No obstante, fuentes oficiales subrayaron la confianza del Ejecutivo en que la Corte Suprema desestimará el caso, lo que podría resultar en una decisión definitiva en Estados Unidos a finales de este año, luego de un análisis que debería durar entre dos y tres meses. Si se confirma esta decisión, se daría por finalizado un largo proceso judicial que comenzó en 2015, relacionado con la expropiación de la petrolera nacional, que enfrenta una demanda de US$16 mil millones.
Esta perspectiva del Gobierno coincide con las evaluaciones de Burford, que, al presentar sus resultados trimestrales a sus accionistas, reconoció que “la probabilidad de obtener más recursos en los tribunales estadounidenses es baja desde un punto de vista estadístico”. Esto se debe a que la Corte estadounidense examina entre 70 y 100 casos anuales, todos de interés federal.
Sin embargo, las autoridades mantienen una actitud cautelosa, dado que el proceso sigue abierto ante la posibilidad de un reclamo de Burford en el Ciadi, el tribunal de arbitraje del Banco Mundial. En este contexto, el fondo inglés había mencionado previamente que “el arbitraje es un proceso que dura varios años (un caso promedio en el Ciadi toma 4,4 años), pero es totalmente capaz de alcanzar el mismo resultado que un tribunal de primera instancia de Estados Unidos”. Además, apuntó que en dicho tribunal, el 86% de las 51 demandas arbitrales presentadas contra Argentina resultaron favorables para los inversores.
Por otro lado, tras el fallo positivo de la Cámara de Apelaciones de Nueva York el martes pasado, la Procuración del Tesoro, bajo la dirección de Sebastián Amerio, destacó que “la decisión del tribunal, que niega la solicitud de revisión del fallo por parte del pleno de los integrantes activos de la Cámara de Apelaciones, constituye un nuevo respaldo a la solidez jurídica de la posición sostenida por la República Argentina durante el proceso de apelación y reafirma la sentencia favorable obtenida por nuestro país”.
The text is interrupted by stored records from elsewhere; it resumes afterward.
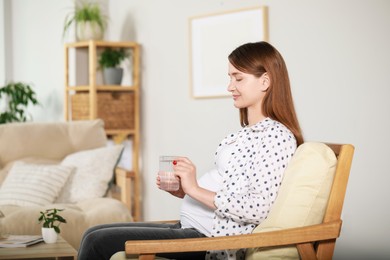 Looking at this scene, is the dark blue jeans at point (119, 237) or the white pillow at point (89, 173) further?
the white pillow at point (89, 173)

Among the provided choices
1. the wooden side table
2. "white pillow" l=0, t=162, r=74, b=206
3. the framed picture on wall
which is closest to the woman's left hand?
the wooden side table

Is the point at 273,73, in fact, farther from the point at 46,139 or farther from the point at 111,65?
the point at 111,65

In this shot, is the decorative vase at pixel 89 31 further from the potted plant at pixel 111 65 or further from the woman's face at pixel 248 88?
the woman's face at pixel 248 88

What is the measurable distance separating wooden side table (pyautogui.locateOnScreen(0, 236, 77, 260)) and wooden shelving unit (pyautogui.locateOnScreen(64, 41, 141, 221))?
2.74m

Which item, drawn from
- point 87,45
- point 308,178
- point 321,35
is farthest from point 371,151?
point 87,45

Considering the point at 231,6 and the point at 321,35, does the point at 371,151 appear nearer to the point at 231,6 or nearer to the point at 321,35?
the point at 321,35

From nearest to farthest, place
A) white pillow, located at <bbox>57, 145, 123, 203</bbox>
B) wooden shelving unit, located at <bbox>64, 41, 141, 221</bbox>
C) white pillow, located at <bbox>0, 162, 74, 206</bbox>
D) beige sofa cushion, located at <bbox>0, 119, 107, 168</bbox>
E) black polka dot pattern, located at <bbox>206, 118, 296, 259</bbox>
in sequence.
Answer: black polka dot pattern, located at <bbox>206, 118, 296, 259</bbox> → white pillow, located at <bbox>0, 162, 74, 206</bbox> → white pillow, located at <bbox>57, 145, 123, 203</bbox> → beige sofa cushion, located at <bbox>0, 119, 107, 168</bbox> → wooden shelving unit, located at <bbox>64, 41, 141, 221</bbox>

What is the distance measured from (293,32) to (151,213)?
2076 mm

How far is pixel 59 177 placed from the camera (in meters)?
4.04

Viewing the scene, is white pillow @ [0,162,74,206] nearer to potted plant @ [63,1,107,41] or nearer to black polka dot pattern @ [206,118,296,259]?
potted plant @ [63,1,107,41]

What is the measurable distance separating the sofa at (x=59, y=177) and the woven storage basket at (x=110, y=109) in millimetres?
1140

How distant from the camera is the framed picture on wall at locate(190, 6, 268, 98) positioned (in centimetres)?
473

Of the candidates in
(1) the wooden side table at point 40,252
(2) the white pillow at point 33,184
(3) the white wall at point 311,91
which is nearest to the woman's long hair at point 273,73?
(1) the wooden side table at point 40,252

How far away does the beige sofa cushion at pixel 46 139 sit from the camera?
428 centimetres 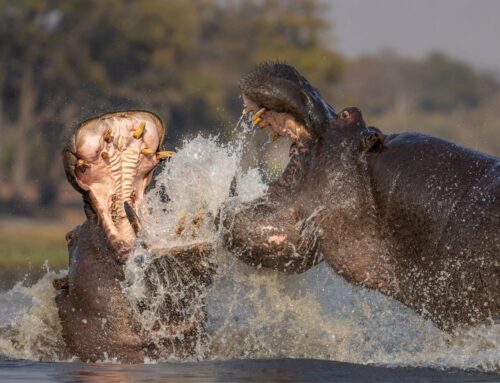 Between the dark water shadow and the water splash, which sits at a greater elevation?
the water splash

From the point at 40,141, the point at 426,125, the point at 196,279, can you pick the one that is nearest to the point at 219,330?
the point at 196,279

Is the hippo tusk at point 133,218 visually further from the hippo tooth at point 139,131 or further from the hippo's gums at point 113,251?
the hippo tooth at point 139,131

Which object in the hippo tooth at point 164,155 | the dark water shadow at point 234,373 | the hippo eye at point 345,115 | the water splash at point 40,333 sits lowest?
the dark water shadow at point 234,373

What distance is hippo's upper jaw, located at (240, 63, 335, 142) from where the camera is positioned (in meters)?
6.02

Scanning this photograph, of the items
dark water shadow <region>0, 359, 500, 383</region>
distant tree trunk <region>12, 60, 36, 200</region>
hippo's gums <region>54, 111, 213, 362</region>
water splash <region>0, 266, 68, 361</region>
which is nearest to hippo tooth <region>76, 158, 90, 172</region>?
hippo's gums <region>54, 111, 213, 362</region>

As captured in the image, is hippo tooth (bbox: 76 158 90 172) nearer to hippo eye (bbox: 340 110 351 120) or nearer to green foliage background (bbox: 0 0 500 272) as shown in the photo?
hippo eye (bbox: 340 110 351 120)

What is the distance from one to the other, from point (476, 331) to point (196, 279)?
1556mm

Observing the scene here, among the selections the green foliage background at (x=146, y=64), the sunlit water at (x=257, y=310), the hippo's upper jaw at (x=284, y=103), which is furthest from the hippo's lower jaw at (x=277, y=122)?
the green foliage background at (x=146, y=64)

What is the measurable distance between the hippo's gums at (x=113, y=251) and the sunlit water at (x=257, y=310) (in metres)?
0.09

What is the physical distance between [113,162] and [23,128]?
1431 inches

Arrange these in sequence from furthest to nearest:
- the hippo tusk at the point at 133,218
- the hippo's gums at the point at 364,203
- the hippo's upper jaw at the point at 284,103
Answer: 1. the hippo tusk at the point at 133,218
2. the hippo's upper jaw at the point at 284,103
3. the hippo's gums at the point at 364,203

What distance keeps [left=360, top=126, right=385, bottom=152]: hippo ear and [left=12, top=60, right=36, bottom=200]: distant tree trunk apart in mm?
33306

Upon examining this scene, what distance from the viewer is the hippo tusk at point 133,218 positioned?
6754 mm

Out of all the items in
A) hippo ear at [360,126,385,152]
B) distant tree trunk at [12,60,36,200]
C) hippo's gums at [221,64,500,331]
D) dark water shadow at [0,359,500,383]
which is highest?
distant tree trunk at [12,60,36,200] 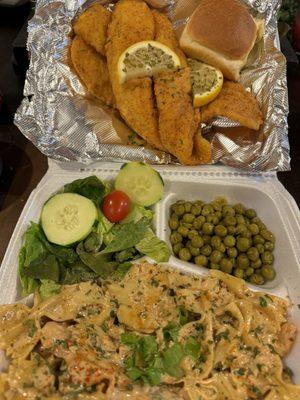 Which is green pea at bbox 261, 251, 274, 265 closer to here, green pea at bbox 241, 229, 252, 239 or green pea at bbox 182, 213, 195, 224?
green pea at bbox 241, 229, 252, 239

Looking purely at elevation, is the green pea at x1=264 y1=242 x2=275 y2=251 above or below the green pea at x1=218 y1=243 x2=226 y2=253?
above

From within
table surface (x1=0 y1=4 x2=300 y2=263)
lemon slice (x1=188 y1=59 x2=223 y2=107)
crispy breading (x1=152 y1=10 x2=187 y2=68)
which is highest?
crispy breading (x1=152 y1=10 x2=187 y2=68)

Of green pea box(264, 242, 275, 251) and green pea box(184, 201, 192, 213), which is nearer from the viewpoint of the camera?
green pea box(264, 242, 275, 251)

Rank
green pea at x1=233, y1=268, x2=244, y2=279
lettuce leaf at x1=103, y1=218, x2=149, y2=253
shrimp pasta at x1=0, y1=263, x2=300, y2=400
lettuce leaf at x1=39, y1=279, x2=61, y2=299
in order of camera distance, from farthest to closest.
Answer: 1. green pea at x1=233, y1=268, x2=244, y2=279
2. lettuce leaf at x1=103, y1=218, x2=149, y2=253
3. lettuce leaf at x1=39, y1=279, x2=61, y2=299
4. shrimp pasta at x1=0, y1=263, x2=300, y2=400

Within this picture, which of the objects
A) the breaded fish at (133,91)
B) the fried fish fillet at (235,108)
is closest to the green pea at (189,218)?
the breaded fish at (133,91)

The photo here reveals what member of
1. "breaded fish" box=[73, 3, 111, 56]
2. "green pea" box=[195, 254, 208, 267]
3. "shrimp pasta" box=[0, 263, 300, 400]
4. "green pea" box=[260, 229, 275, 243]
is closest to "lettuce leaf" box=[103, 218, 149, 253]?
"shrimp pasta" box=[0, 263, 300, 400]

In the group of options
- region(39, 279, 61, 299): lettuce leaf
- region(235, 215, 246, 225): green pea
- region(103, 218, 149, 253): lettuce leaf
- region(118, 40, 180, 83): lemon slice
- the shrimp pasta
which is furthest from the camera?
region(118, 40, 180, 83): lemon slice

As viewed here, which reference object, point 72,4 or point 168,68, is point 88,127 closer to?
point 168,68

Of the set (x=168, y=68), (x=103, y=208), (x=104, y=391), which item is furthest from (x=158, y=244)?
(x=168, y=68) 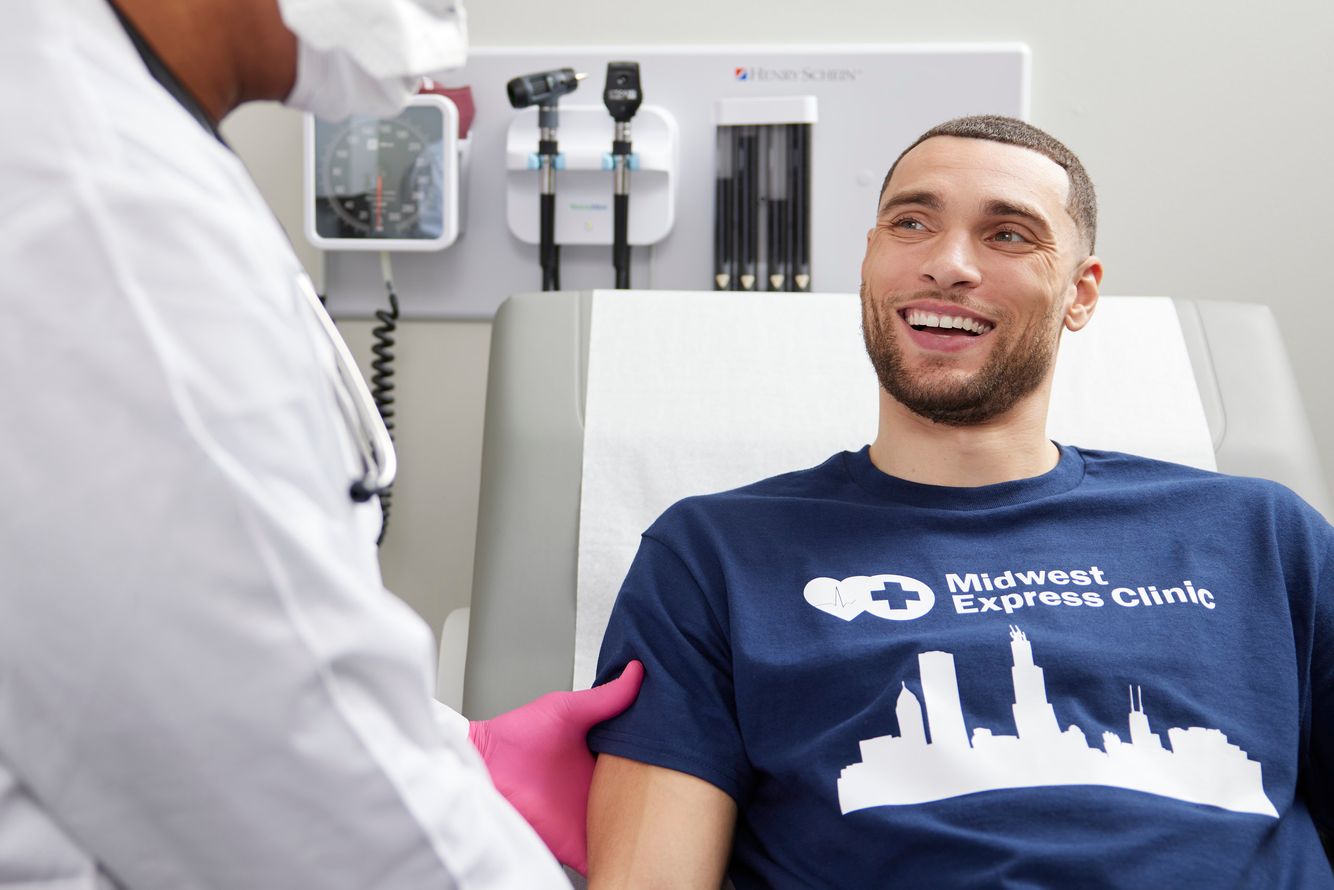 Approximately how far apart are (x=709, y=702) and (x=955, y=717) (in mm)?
223

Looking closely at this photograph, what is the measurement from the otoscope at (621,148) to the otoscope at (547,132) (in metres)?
0.06

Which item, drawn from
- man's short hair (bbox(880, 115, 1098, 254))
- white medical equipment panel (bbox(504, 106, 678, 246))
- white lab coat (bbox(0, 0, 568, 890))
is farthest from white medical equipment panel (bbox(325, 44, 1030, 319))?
white lab coat (bbox(0, 0, 568, 890))

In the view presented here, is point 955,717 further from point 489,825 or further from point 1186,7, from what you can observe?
point 1186,7

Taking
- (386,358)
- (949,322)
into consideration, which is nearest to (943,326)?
(949,322)

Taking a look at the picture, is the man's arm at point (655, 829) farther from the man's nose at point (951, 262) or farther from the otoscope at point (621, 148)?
the otoscope at point (621, 148)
Mientras tanto, el equipo legal del Estado prosigue con otras causas pendientes, como el litigio por el Cupón PBI en Londres, que involucra 1330 millones de euros. A su vez, el Gobierno espera la aprobación del Congreso para avanzar con el acuerdo de US$171 millones con los fondos Bainbridge y Attestor relacionado con el default de 2001, que será tratado este jueves en el Senado.